|
Search -
Finance Home -
Yahoo! -
Help |
|
Quotes & Info
|
| LXRP.OB > SEC Filings for LXRP.OB > Form 8-K on 5-Nov-2008 | All Recent SEC Filings |
5-Nov-2008
Unregistered Sale of Equity Securities, Financial Statements and Exhibits
On October 27, 2008, the Company entered into a Purchase Agreement with CAB Financial Services Ltd., Chris Bunka, and another shareholders of the Company ("Purchasers") for an aggregate amount of NINE HUNDRED THOUSAND (CDN) DOLLARS (CDN $900,000). The Purchasers agree to purchase an 18% interest bearing Promissory Note of the Company subject to and upon the terms and conditions of the Purchase Agreement.
The Company's obligations to repay the Promissory Note will be secured by certain specified assets of the Company pursuant to a Security Agreement. Also, as long as the Promissory Note is outstanding, the Purchasers may voluntarily convert the Promissory Note to Common Shares at the conversion price of $0.45 per share of Common Stock.
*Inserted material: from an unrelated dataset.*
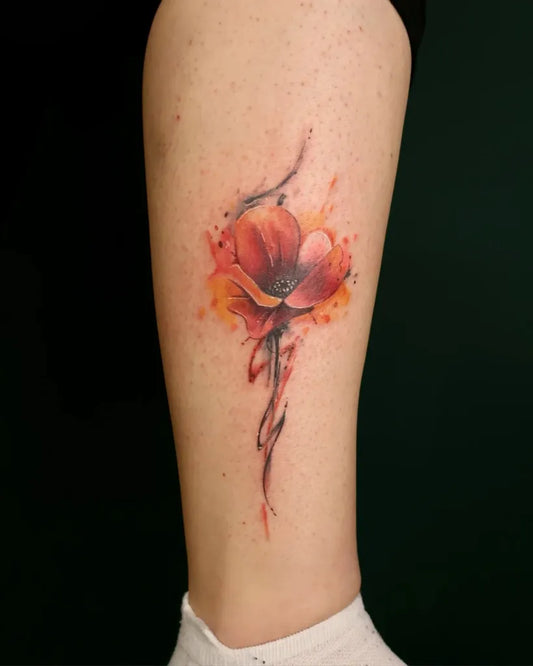 Small Watercolor Poppy Flower on Women Leg Tattoo by @silverinkzg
Additionally, in consideration for the Purchasers agreeing to purchase the Promissory Notes, the Company agrees to issue Warrants to the Purchasers.
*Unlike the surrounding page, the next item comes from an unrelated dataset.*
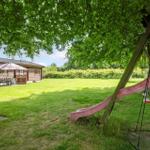 Hinterhof mit Spielplatz, Rutsche und Sitzgelegenheit unter Bäumen.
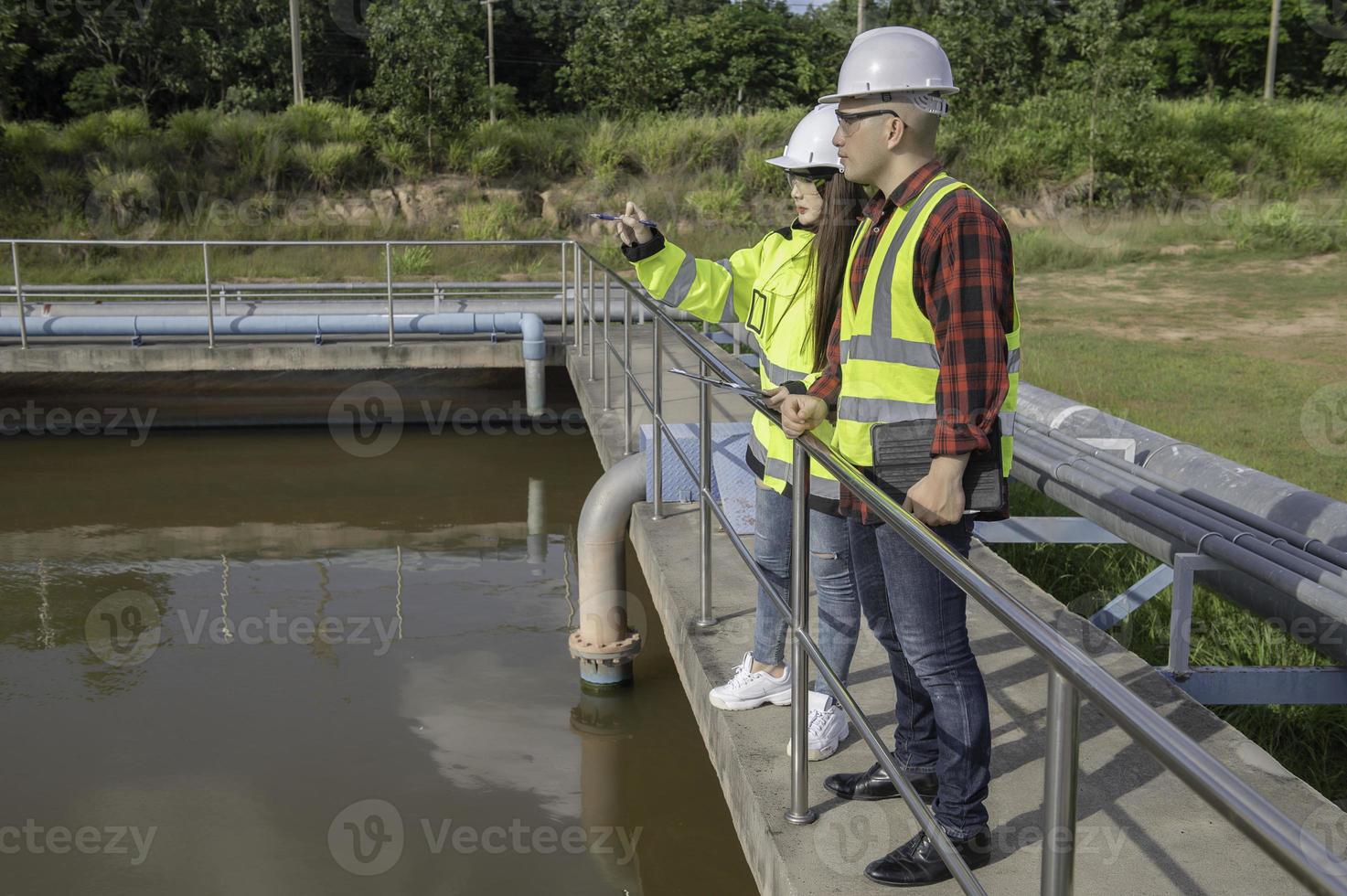 milieu-ingenieurs werken bij afvalwaterzuiveringsinstallaties, watervoorzieningstechniek werken bij waterrecyclinginstallaties voor hergebruik, technici en ingenieurs bespreken samenwerking. foto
The share purchase Warrants entitles the Purchaser to acquire Shares of the Company's common stock, and the number of Series A and B Warrants issuable shall be determined by the Purchase Amount divided by $0.45, which Warrants shall have the following terms:
1.
each Series A Warrant entitling the holder to purchase one-half of one Warrant Share for a term of one year from issuance and an exercise price of US $0.45 per whole Warrant Share;
2.
each Series B Warrant entitling the holder to purchase one-half of one Warrant Share for a term of two years from issuance and exercise price of US $0.90 per whole Warrant Share; and
3.
Mandatory conversion of the Warrants at the option of the Company upon the Company's Common Stock closing at 200% of the applicable exercise price for twenty consecutive Trading Days.
4.
Two whole Warrants and the exercise price are required to purchase one share of the Company.
The issuance of the Promissory Notes and Warrants were issued to 3 non-US persons pursuant to the exemption from registration provided by Regulation S promulgated under the United States Securities Act of 1933, as amended.
The Company and Purchases hereby agree that all previous Loan Agreements are terminated and any amounts due and owing there under are replaced and superseded by the Promissory Notes issued by the Company pursuant to the Purchase Agreement.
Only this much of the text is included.